For two years in a row in Washington, D.C., there have been over 200 homicides, the highest city residents have seen in almost two decades.
The D.C. City Council’s answer? They passed a law that would give criminals reduced penalties for serious crimes like carjacking, assault, rape, and even some types of murder.
But there’s good news: the House kept its Commitment to America and the Senate followed its constitutional duty by voting to stop this soft-on-crime law from taking effect.
That’s why today Speaker Kevin McCarthy held a signing ceremony, with everyday Americans who are frustrated about the levels of crime in their neighborhoods, for Rep. Andrew Clyde’s House Joint Resolution 26, which the Speaker signed and is now being sent to President Biden for his signature.
Speaker McCarthy: “This is just the beginning. We want everyone to feel secure to walk home. We want everyone to feel safe in the streets and neighborhoods. So we want you to join with us be a part of this resolution because it’s just the beginning. It’s our commitment.”

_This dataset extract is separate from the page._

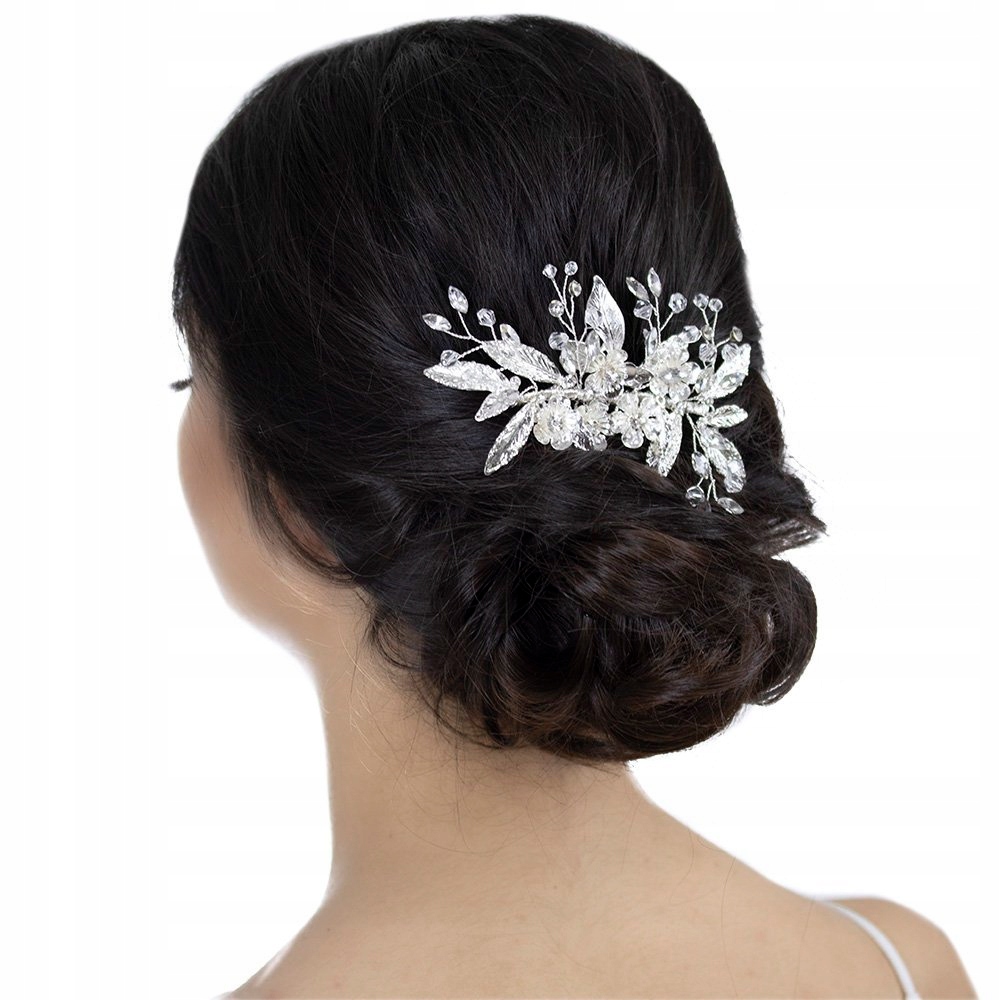 OZDOBA DO WŁOSÓW - kolor srebrny - ŚLUBNA grzebyk CYRKONIE Rodzaj grzebyk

Patrick Yoes, National President, Fraternal Order of Police: “If we’re truly going to make an improvement in the criminal justice system, it’s going to be because everyone is working together to do so… these actions [by the D.C. City Council] that did not include rank-and-file police officer perspectives on any of it shows that it was a flawed process to start with.”

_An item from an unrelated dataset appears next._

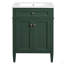 Meuble-lavabo 24 po avec 2 portes et tiroir escamotable, armoire de rangement de salle de bain avec lavabo, portes à fermeture en douceur avec organisateurs-126278517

Mick McHale, President, National Association of Police Organizations: “The action Congress took to roll [D.C. Revised Criminal Codes] back so that the D.C. Council can work with the mayor, the police department, and the union to revise the criminal code in a way that no longer benefit violent criminals will make the city much safer.”
Gregg Pemberton, Chairman, D.C. Police Union: “This week 81 United States Senators joined the House and made a bold step forward to reduce rhetoric and restore justice for victims of crime in our nation’s capital… The bill from the D.C. City Council went too far and sent the wrong message to violent criminals.”

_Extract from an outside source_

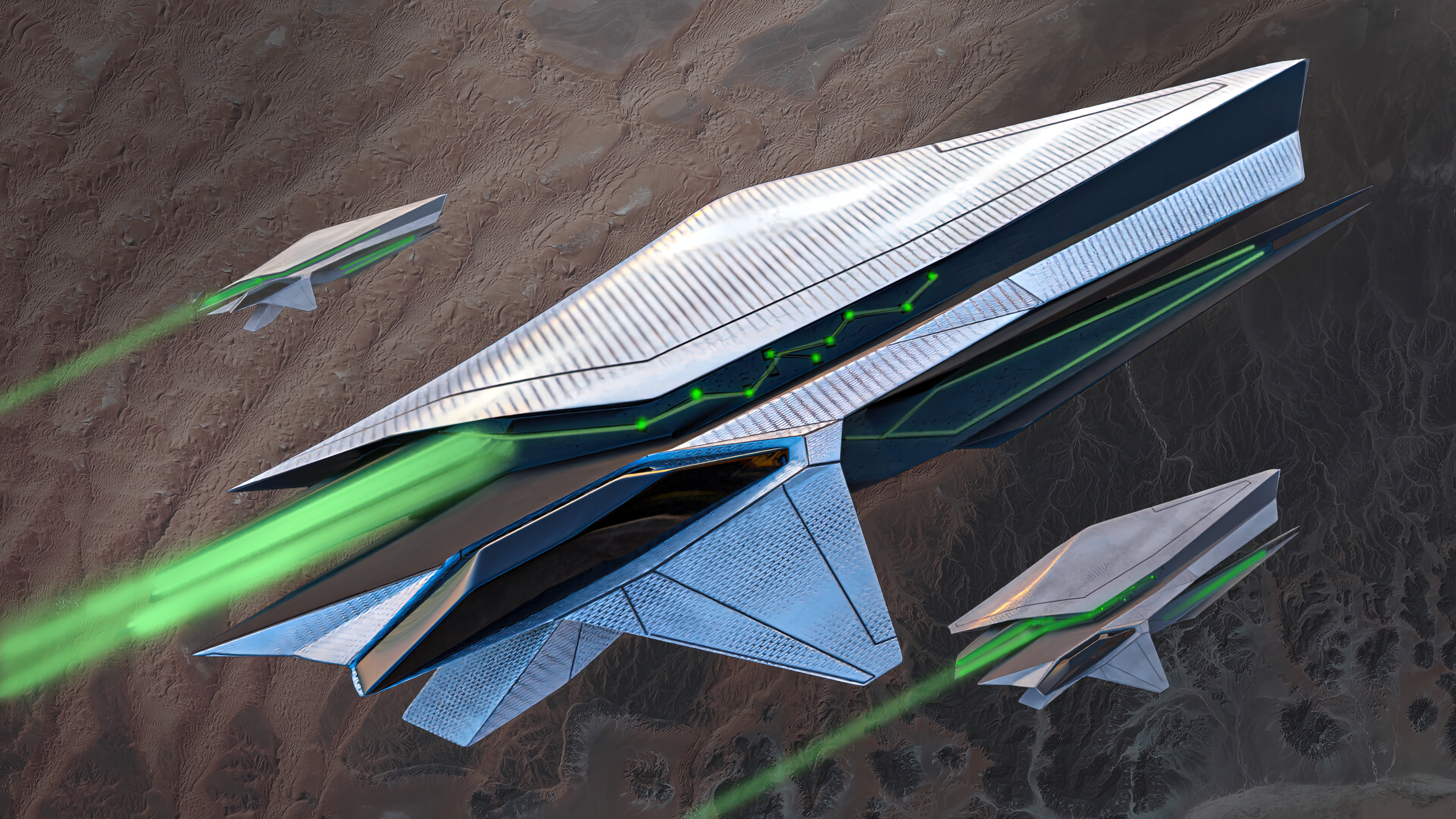 Sci-fi fleet with green energy beams over desert HD Wallpaper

Will Dixon: “Another man got out of the driver’s seat and he put the barrel of his gun on my chest… the police who arrived on the scene told us the man who robbed us did the same thing to three or four other people in Navy Yard that same night… unfortunately, nearly 5 months later, the men who did this have not been found. Under the D.C. City Council’s proposal, the punishment for these men would be drastically reduced.”